Fernando González

El mago de Otraparte

Por Guillermo Angulo

Yo estudiaba bachillerato en la universidad de Antioquia y un día decidí osadamente ir a conocer al Maestro Fernando González. Me vestí muy a la moda de entonces: saco deportivo, corbatín, pantalones color gris oscuro, zapatos negros y medias blancas, que hacían furor entre los estudiantes. Cuando caminaba hacia la oficina del Maestro, en un segundo piso de la calle Maracaibo, no me di cuenta de que mi hermano, Eduardo, me estaba observando desde un café de enfrente a donde iban mineros y ganaderos. Después supe por él del diálogo que sostuvo con un colega. Señalándome, le dijo al otro minero:

—Mirá, ese que va ahí. Mirale las medias. Debe ser marica.

—Más dañado que agua de florero, le contestó el otro minero, sin mucha originalidad.

—Es mi hermano, le aclaró Eduardo.

El otro se puso colorado y no supo qué decir.

Mientras tanto yo subía a un segundo piso, en donde estaba la oficina del Maestro, sentado tras un enorme escritorio, y con sombrero de vaquero, de alas anchas, puesto. Me miró con sus ojos de loco (que no eran de loco sino de inteligente). Le conté —con la desfachatez que permite la juventud— que había ido sólo a conocerlo. Él me dijo:

—Le voy a regalar un libro (lo recuerdo muy bien; era El remordimiento, uno de mis preferidos).

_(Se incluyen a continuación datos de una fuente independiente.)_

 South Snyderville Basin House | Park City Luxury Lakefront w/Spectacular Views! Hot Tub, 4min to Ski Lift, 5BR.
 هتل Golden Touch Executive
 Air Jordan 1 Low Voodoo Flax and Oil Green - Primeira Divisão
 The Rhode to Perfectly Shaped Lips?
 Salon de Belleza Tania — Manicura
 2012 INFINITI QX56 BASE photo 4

Y empezó a maltratarlo, tratando de descuadernarlo mientras hablaba mal de las editoriales colombianas. Y yo sufría, sabiendo que el libro ya era prácticamente mío. Me lo dedicó. Todavía lo tengo.

Pasaron diez años antes de que lo volviera a encontrar. Mi amigo de juventud, Alberto Aguirre, me llevó a verlo cuando regresé de estudiar en Europa. Mientras íbamos de Medellín a Envigado, Alberto me dijo que conocía a nuestro filósofo porque su papá, Pedro Claver Aguirre, que había sido gobernador de Antioquia, era su amigo, amistad que él heredó.

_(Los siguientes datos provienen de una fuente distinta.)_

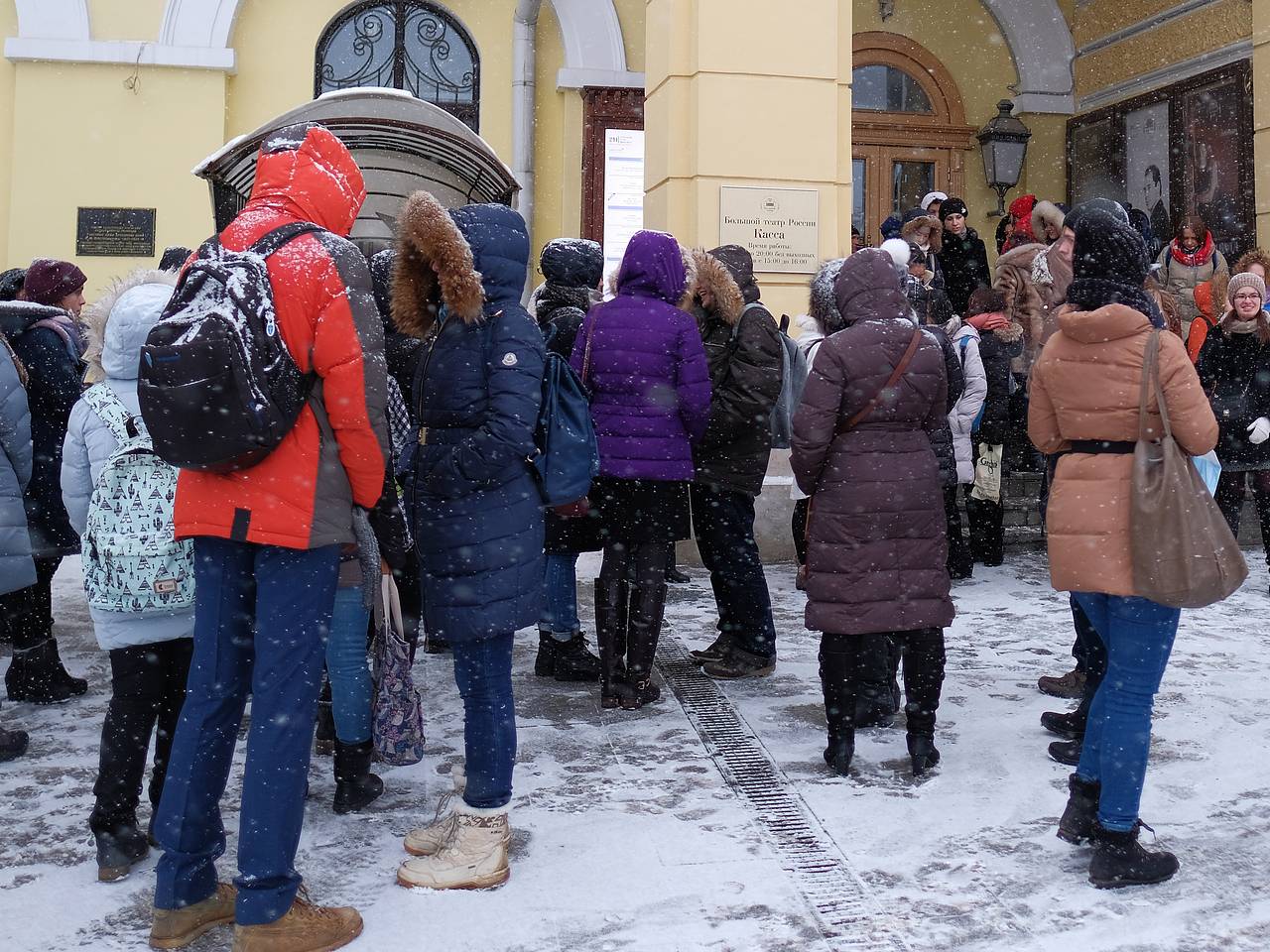 У Большого театра снова собралась очередь за билетами на «Щелкунчика»: Театр:  Культура: Lenta.ru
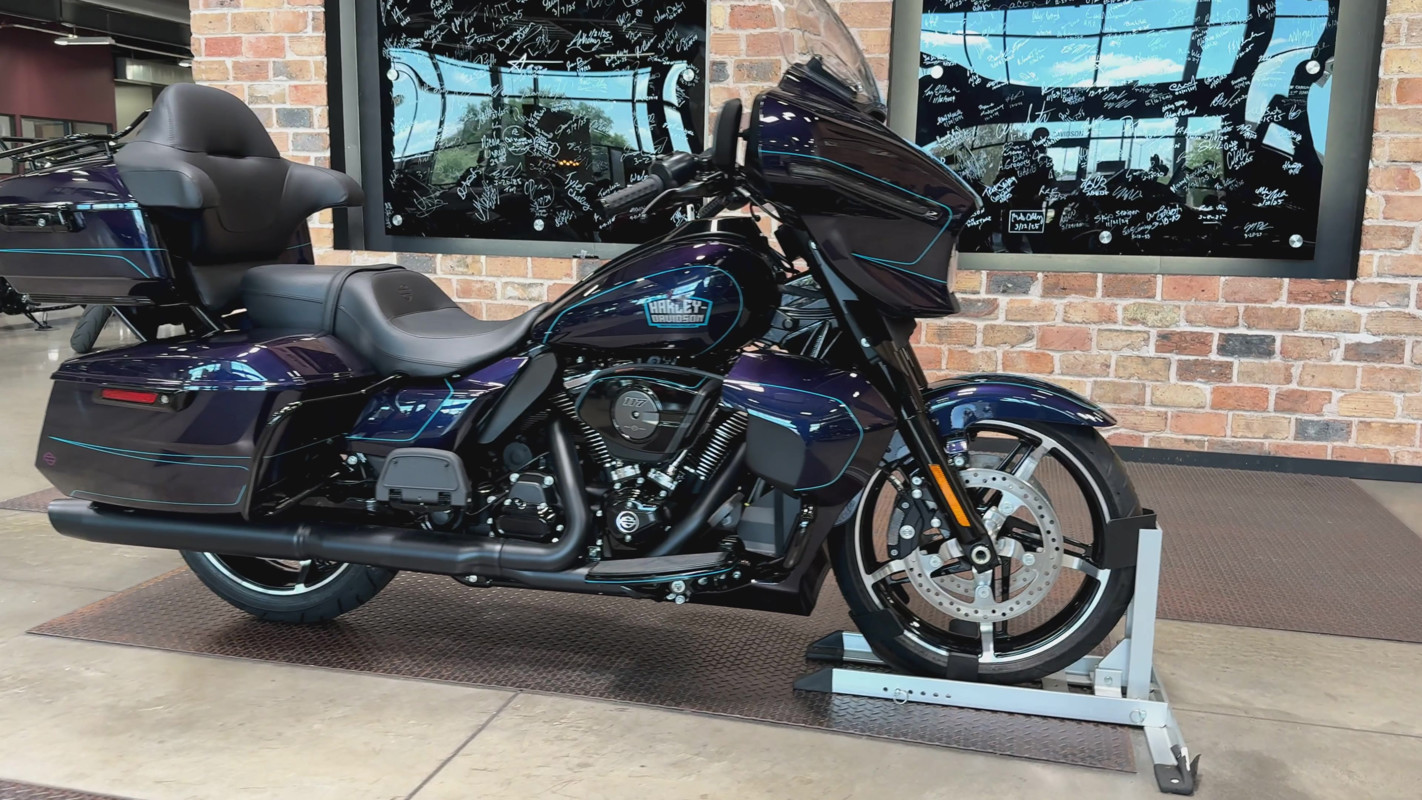 Street Glide® Ultra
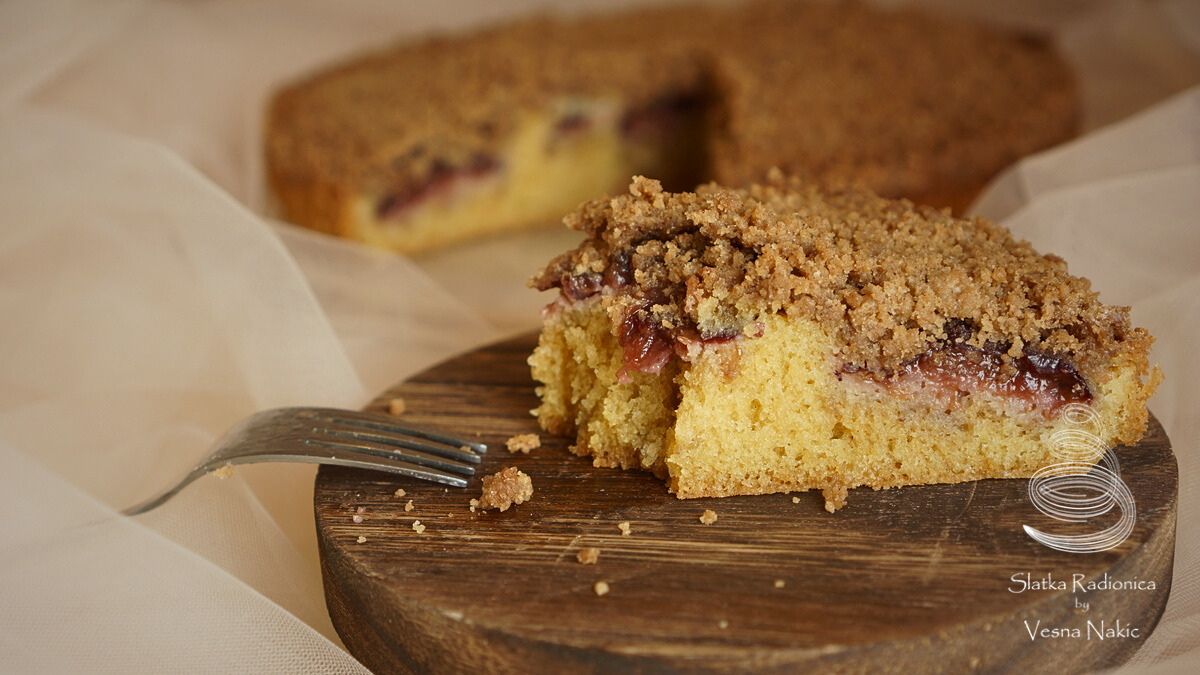 crumble sa šljivama serviran na drvenom podlošku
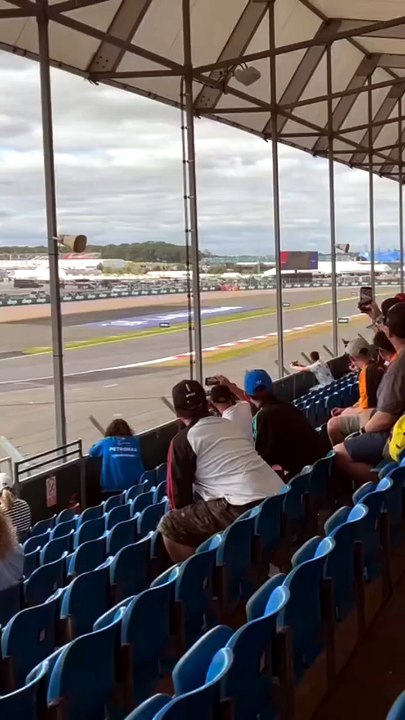 Kimi Antonelli beat Lewis Hamilton  sprintrace F1 silverstone 2026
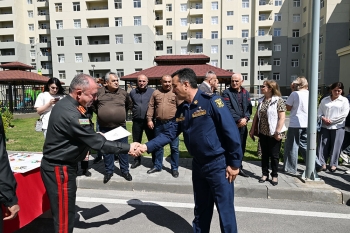 Hərbi qulluqçulara mənzillər verildi - FOTOLAR | FED.az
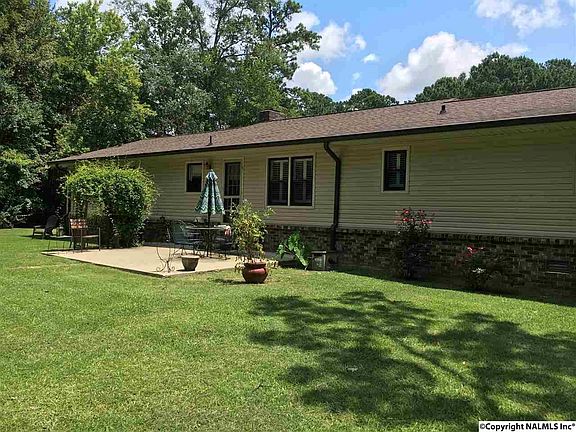 3rd image of 29 Oakland Dr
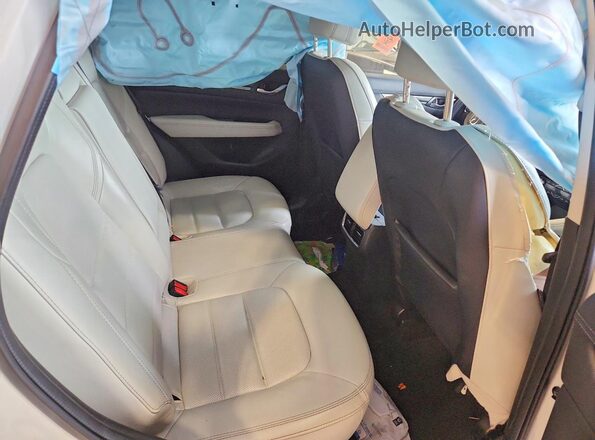 JM3KFBDL6H0177632 2017 MAZDA CX-5 White Widok tylnych siedzeń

Me contó que Fernando González últimamente se había visto muy interesado en la naturaleza, y que una vez que iban caminando por el campo vieron dos arañas peleando. Se pusieron en cuclillas, para seguir más de cerca la pelea, y ambos estaban ansiosos de ver el final. Cuando alguien que pasaba por ahí se detuvo también y se agachó a mirar la pelea, el Maestro se levantó apresurado, cogió del brazo a Alberto y le dijo:

—Vámonos.

Caminó un rato en silencio, que rompió como a los diez minutos para decir furioso:

—Por eso a mí no me gusta el comunismo. Esa pelea de arañas era nuestra. Ese tipo no tenía por qué meterse.

Cuando Alberto y yo llegamos a Otraparte —la casa del Maestro en Envigado (hoy museo)— lo saludamos (qué se iba a acordar de aquel muchacho impertinente de corbatín) y le tomé unas fotos con su familia. Luego fuimos, con Alberto, a un cafecito cerca de su casa y, por esas trampas extrañas de la memoria, no recuerdo qué pedí yo, pero sí lo que tomó el Maestro: un Vinol, una gaseosa paisa que intentaba reproducir, sin mucho éxito, el sabor del vino. Mientras Fernando hablaba con Aguirre yo aproveché para tomarle unas fotos.

Le envié por correo las fotos y más tarde el Maestro me hizo llegar a Bogotá un libro, a manera de agradecimiento, con una dedicatoria que decía: “Guillermo: dos envidias tengo: de su barba negra y de su arte fotográfico. Usted me ha hecho las mejores fotos que he tenido y eso que me retrató con mi boca de culo. Fernando González”.

Fuente:

El Libro de las Celebraciones, Fundación Domingo Atrasado, Bogotá, 2007, p.p.: 21 – 22.